О матери я помню немного. Она, по большей части, находилась в тени отца. Это был мужчина большого роста, всегда державшийся прямо, широкоплечий. И строгий. Он был набожный, высоконравственный, и я должен благодарить его за то, что воспитан правильно. Я всегда избегал того, что порочно и безнравственно. Он не раз наставлял меня. Произнося слова своим низким голосом и тыча указательным пальцем мне в сердце, он, исходя из собственного житейского опыта, рассказывал, как ему в жизни приходилось поступать и (что существеннее) чего он избегал. Я смотрел на него снизу вверх, пораженный его знаниями, добротой, его силой, и я всегда старался прожить жизнь, которой он бы гордился. И думаю, мне удалось бы это, если бы не недуг. Я никак не могу допустить, что и отец, наверное, носил в крови ту же болезнь, что этот добродетельный и строгий человек передал проклятие своему сыну, сам того не ведая.

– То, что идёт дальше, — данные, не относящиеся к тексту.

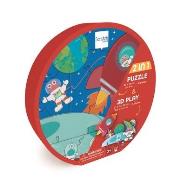 Puzzle 2w1 2D i 3D scenografia Kosmos. Wydawca: Scratch. Dadada.pl Opakowanie Puzzle 2w1 2D i 3D scenografia Kosmos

Вот еще одно доказательство того, что это не моя вина, что даже такой замечательный человек, как мой отец, ничего не знал о том, что и он мог быть поражен этой болезнью.
Сколько помню, только один раз мой отец был несправедлив и непоследователен. Только один раз он рассердился на меня. Это случилось, когда я был вынужден убить соседскую собаку, и я так и не смог понять, почему до моего отца не дошло, что я действовал лишь в рамках необходимости.
Собака принадлежала моему врагу, мальчишке, который постоянно изводил меня. Имени его я не помню. Он был так ничтожен, что едва ли стоил того, чтобы я его запоминал. А вот его собаку я помню хорошо. Это был большой и злобный зверь, дворняга с примесью восточноевропейской овчарки. Она частенько сопровождала моего обидчика, и к издевкам своего хозяина добавлялось мерзкое рычание. Пока мальчишка изощрялся в издевках, собака смотрела на меня своими желтыми глазами, высунув язык и дергая мордой, точно действия хозяина доставляли ей большое удовольствие. В такие минуты я не обращал на собаку никакого внимания. Я игнорировал и ее, и хозяина, но если выбирать из них двоих, то собаку, пожалуй, я ненавидел больше. Я знаю, что это заблуждение — верить в то, будто собака лучший друг человека. Это глупое утверждение, принадлежащее сентиментальным и невежественным людям, которых эти звери обманывают. А эта собака была особенно мерзкой тварью, со шкурой в грязных пятнах и с желтыми зубами. Она никогда не нападала на меня, но было видно, что ей бы этого хотелось.
Однажды вечером я возвращался домой из города. Было уже довольно поздно. Наш дом находился в нескольких милях от города. Уж и не помню, что меня задержало в городе до такого позднего часа, но, когда я направился домой, начало темнеть. Должно быть, светила луна, потому что и в темноте все было отлично видно. Мне нужно было пройти мимо дома соседа, поскольку мы жили на одной улице. Делать этого мне, естественно, не хотелось, но, чтобы миновать злополучный дом, мне пришлось бы свернуть и пройти по дорожке лесом, а я не видел причины, чтобы рисковать понапрасну.
Так вот, иду я мимо их дома, никого не трогаю, как вдруг появляется мой враг. Как обычно, он принялся швырять в меня камнями, но я, не обращая на него внимания, шел дальше. Один камень попал мне в спину, боль пронзила меня. Я знал, что на этом месте будет кровоподтек. Я прошел еще немного, но потом, кажется, сел возле дороги. Я знаю, что думал тогда об этом мальчике, удивляясь, за что он меня так ненавидит, и спустя какое-то время и я начал ненавидеть его. Никогда прежде я не чувствовал ничего подобного по отношению к нему, и, должно быть, все его нападки и швыряние камнями в конце концов и вызвали во мне эту ненависть. И чем больше я сидел, тем больше его ненавидел. Я припомнил все, что он сделал со мной. Вспомнил тот первый раз, когда он разбил мне бровь, и я ощутил на губах собственную кровь. Каким-то образом вкус этой крови сейчас я ощутил гораздо сильнее, чем тогда, когда это случилось. Я знал, что он будет мучить меня всегда, если я не положу этому конец, и я поднялся, направляясь к его дому.